**Information shown**.
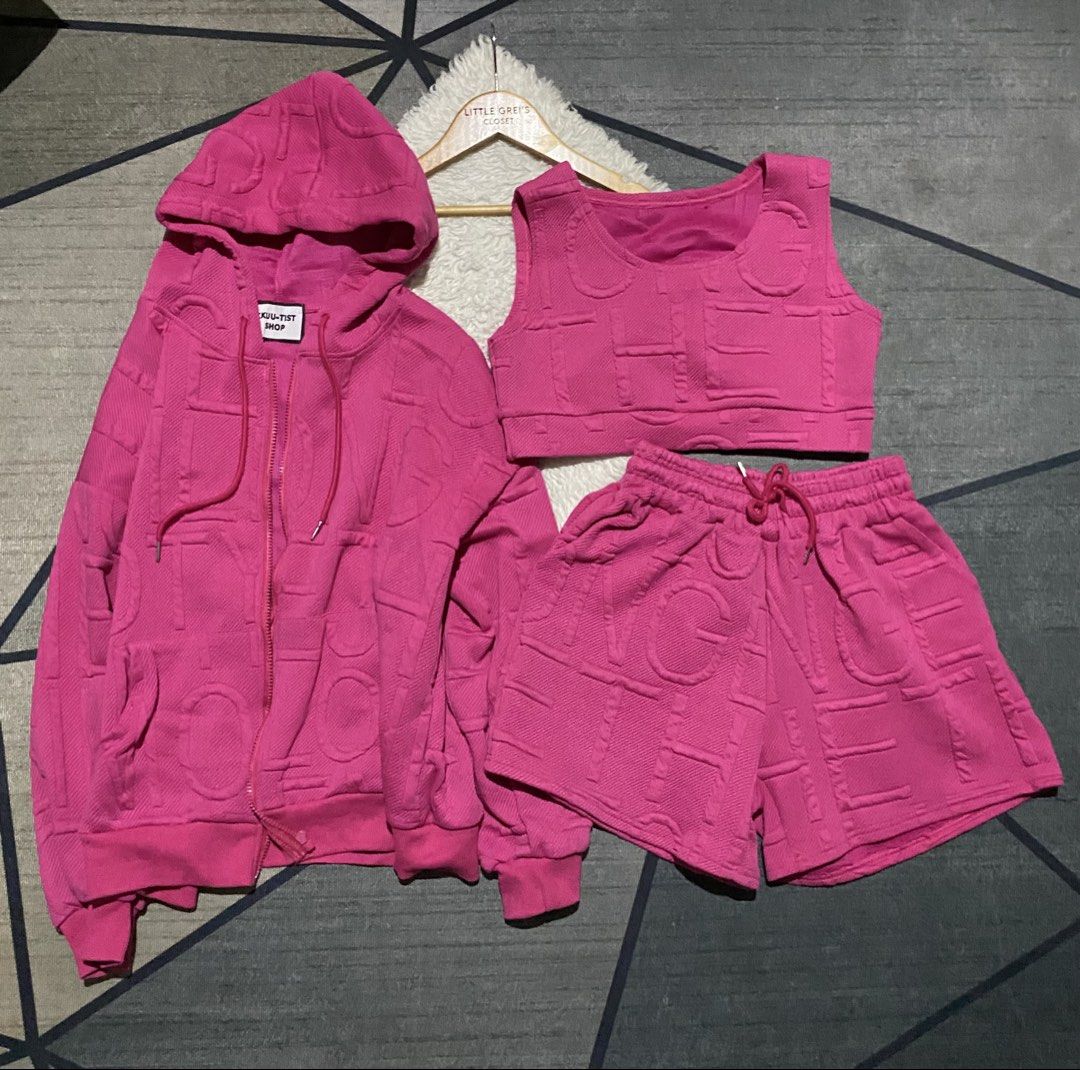 3 in 1 Sets (Category: Sets or Coordinates) located in Bulacan. Submitted by bbyrics (Listing ID 1461455711, Image 2). Description: xs-med.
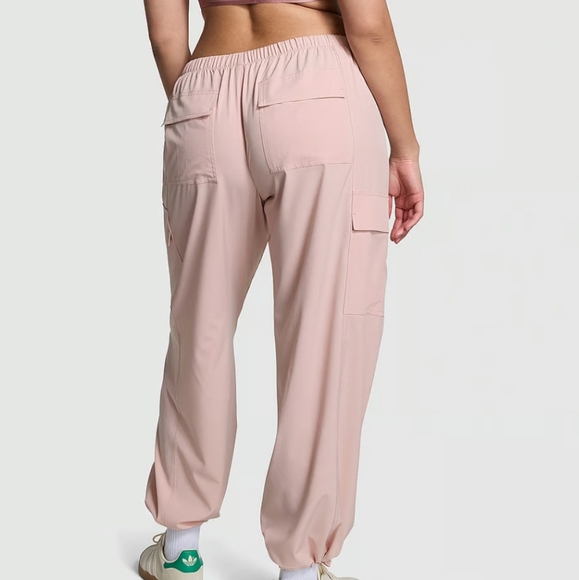 NWT TECH STRETCH CARGO PANTS. XL - Picture 4 of 9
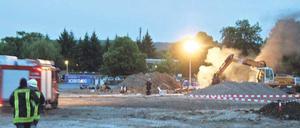 Auf dem Schützenplatz in Göttingen. Rettungskräfte eilen auf den Ort der Explosion zu, für drei Männer kam jede Hilfe zu spät.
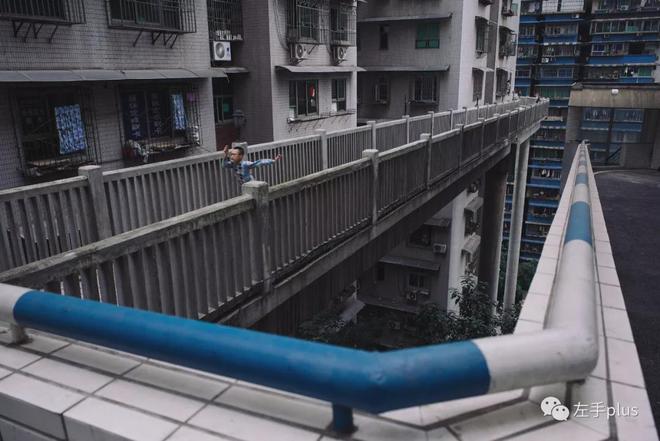 为什么【重庆】是我在国内街拍首选?(图4)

**What is being asked**. Without the pictures, write out the listing exactly as it appears above.

**Expected answer**.
 3 in 1 Sets (Category: Sets or Coordinates) located in Bulacan. Submitted by bbyrics (Listing ID 1461455711, Image 2). Description: xs-med.
 NWT TECH STRETCH CARGO PANTS. XL - Picture 4 of 9
 Auf dem Schützenplatz in Göttingen. Rettungskräfte eilen auf den Ort der Explosion zu, für drei Männer kam jede Hilfe zu spät.
 为什么【重庆】是我在国内街拍首选?(图4)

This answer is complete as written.